Dell profit slides 72 percent as privatization battle drags on

Dell reported a 72 percent drop in profit on Thursday, a month before an expected shareholder vote that could shape the future of the company.

Dell is in the midst of a battle between founder and CEO Michael Dell, who wants to take Dell private, and a group of discontented shareholders who say he must pay more money in order to do so.

Michael Dell and his investment partner increased their offer slightly last month, to about $24.7 billion, and on Sept. 12 Dell’s shareholders are due to vote on whether to accept the proposal. The opponents, led by investor Carl Icahn, still want more money, and it’s unclear if the privatization plan will go through.

In the meantime, Dell is fighting to improve its financial performance against the backdrop of a declining PC market, a lackluster economy and uncertainty about its future.

On Thursday it reported revenue for its second quarter, ended Aug. 2, of $14.5 billion, about level with the same quarter last year. Net income declined 72 percent to $204 million.

Sales in its PC business fell 5 percent to $9.1 billion, Dell said. But operating profits from that group declined more steeply, by 71 percent, as Dell cut prices to win business and grow its market share.

“Our efforts to improve growth have improved our share position at the expense of profitability,” CFO Brian Gladden said in a letter to investors.

Results were better in its Enterprise Solutions Group, which sells servers, storage and network gear, where revenue was up 8 percent to $3.3 billion, Dell said. Services revenue was also up slightly, to $2.1 billion.

Using nonstandard accounting methods, which excludes certain costs and charges, Dell reported a profit of $433 million for the quarter, or 25 cents per share. On that basis, profits were in line with analysts’ expectations, according to Thomson Reuters.

Dell’s expenses in the quarter also included $125 million related to the privatization effort, the integration of acquisitions and layoffs, the company said.

Dell released the results a few days ahead of schedule, because of the “heightened interest in the company,” spokesman David Frink said.
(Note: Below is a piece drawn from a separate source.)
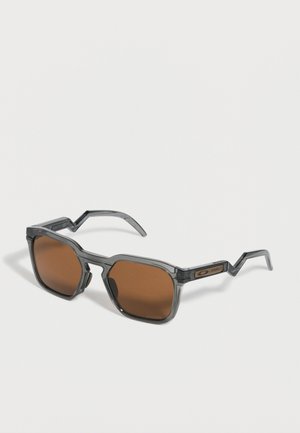 Lunettes de soleil rectangulaires avec une monture translucide gris fumé et des verres marron, avec des branches angulaires en forme de zigzag.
It opted to forgo the usual conference call with financial analysts, publishing instead a letter from its CFO and other materials.

Michael Dell announced his plan to take Dell private back in February. He’s trying to grow the data center side of Dell’s business, which is more profitable than the PC side, and says he can do it more effectively if Dell is private, away from the scrutiny of Wall Street.